Robert Lewandowski po odpadnięciu z Mistrzostw Świata
2022-12-04 18:05:04; Aktualizacja: 1 rok temuRobert Lewandowski wypowiedział się na gorąco po zakończeniu spotkania reprezentacji Polski z Francją (1:3) w 1/8 finału mundialu.
„Biało-Czerwoni” przystępowali do starcia z aktualnymi wciąż mistrzami globu skazywani na poniesienie porażki po prezentowaniu niezbyt atrakcyjnego futbolu w fazie grupowej.

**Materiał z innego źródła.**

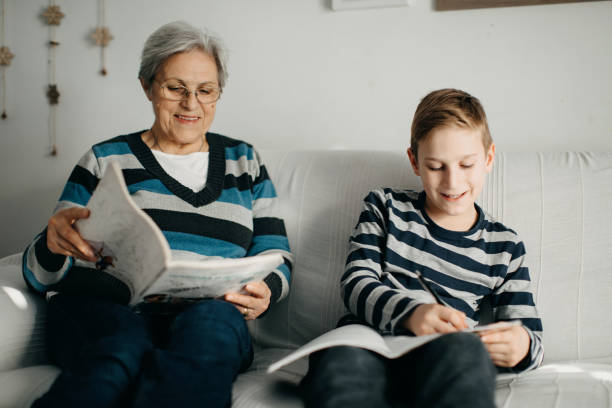 할머니와 아들 사진 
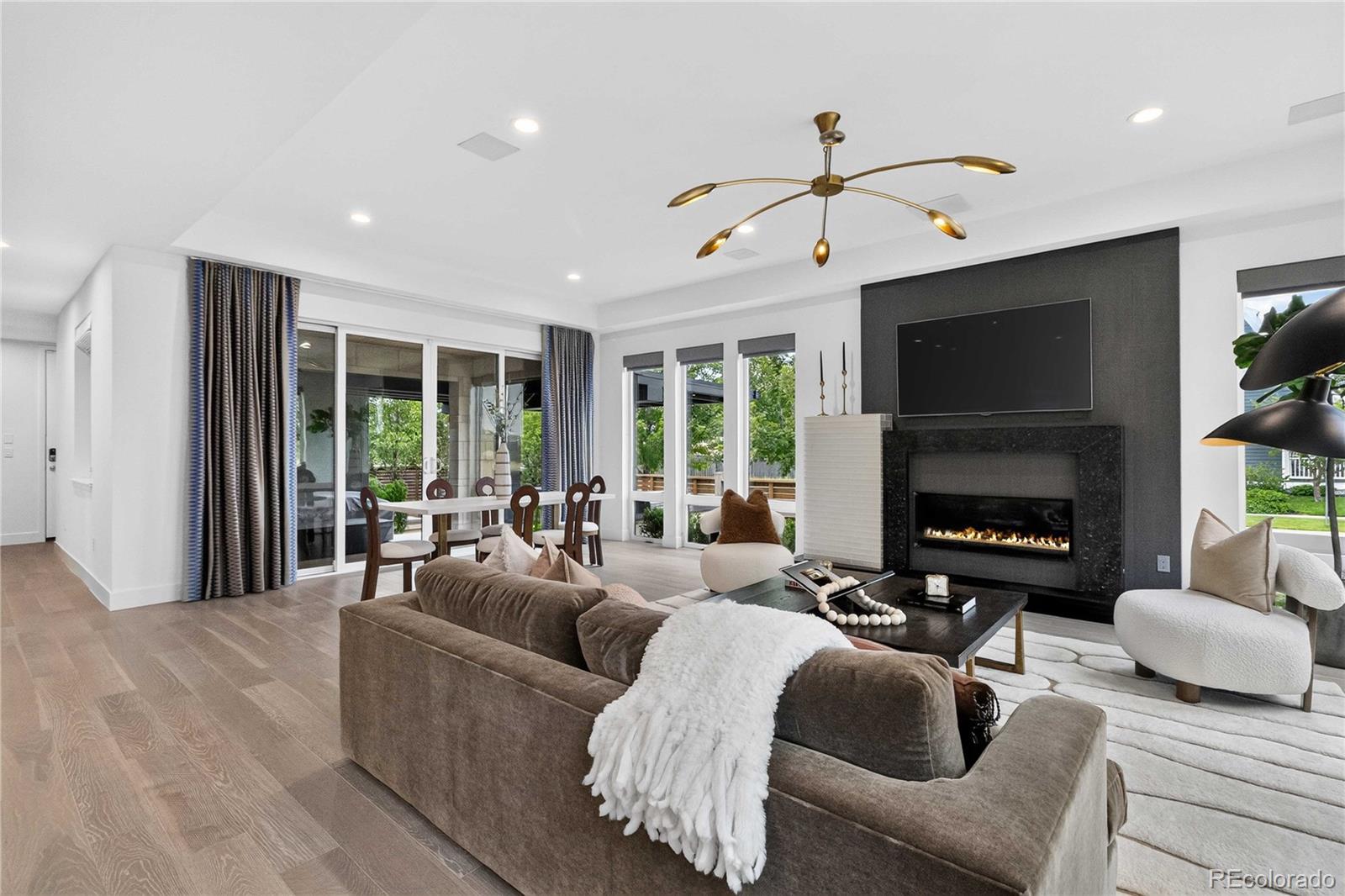 MLS Image #6 for 8204 e 51st avenue,denver, Colorado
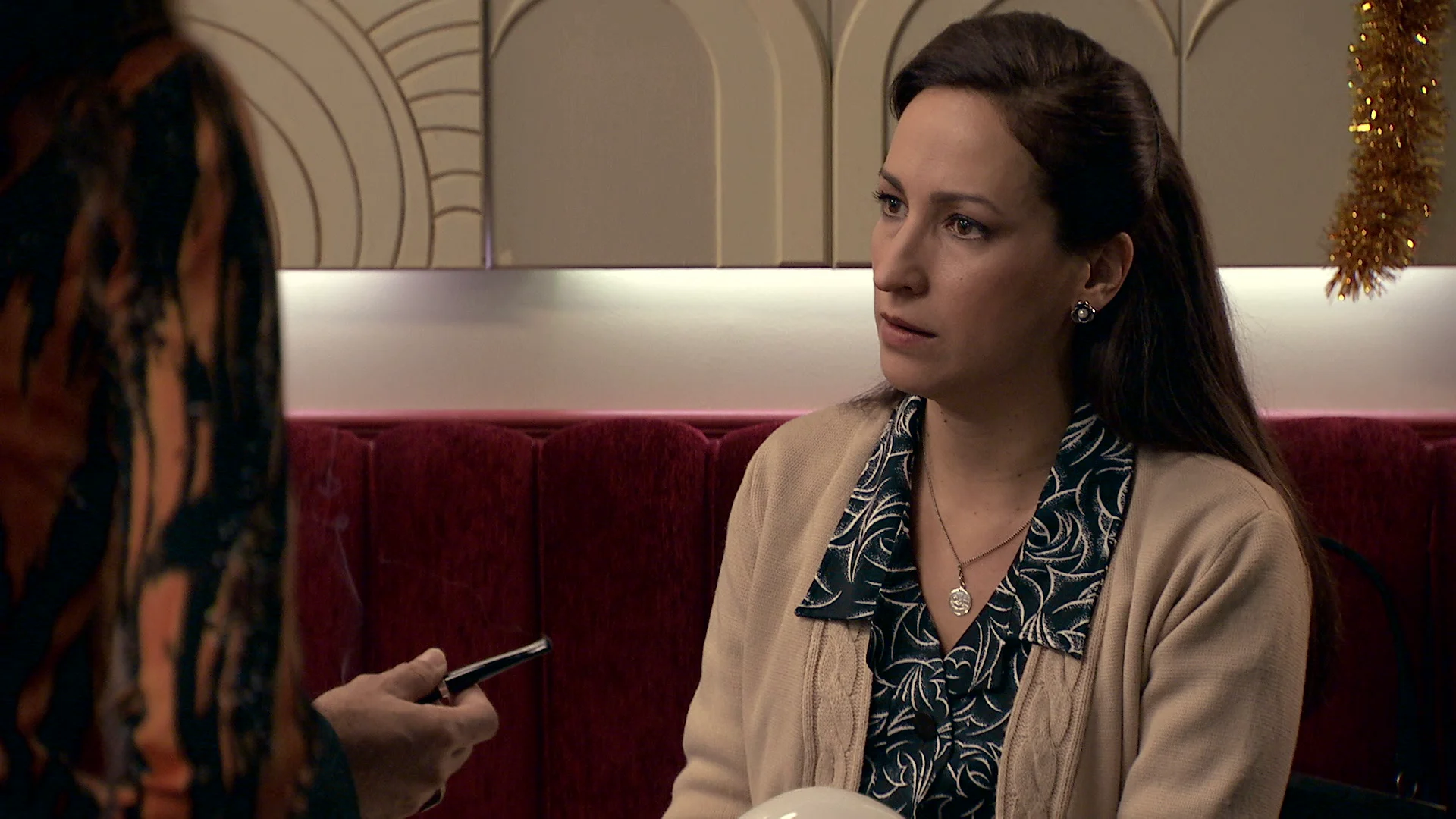 Sofía a Curtis: ¿A ti quién te ha dicho que te metas donde no te llaman? Sofía a Curtis: ¿A ti quién te ha dicho que te metas donde no te llaman?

Drużyna prowadzona przez Czesława Michniewicza zarzekała się jednak, że w tym meczu pokaże się z zupełnie innej strony i tak się w istocie stało.
Reprezentacja Polski nie przestraszyła się pojedynku z Francją i stworzyła razem z nią bardzo otwarte spotkanie, które w ostatecznym rozrachunku zakończyło się niestety zwycięstwem i awansem „Trójkolorowych” do ćwierćfinału mundialu.Popularne
Rozczarowania takim obrotem spraw na gorąco po zakończeniu starcia nie ukrywał Robert Lewandowski, autor honorowego trafienia dla naszego zespołu z rzutu karnego w doliczonym czasie gry.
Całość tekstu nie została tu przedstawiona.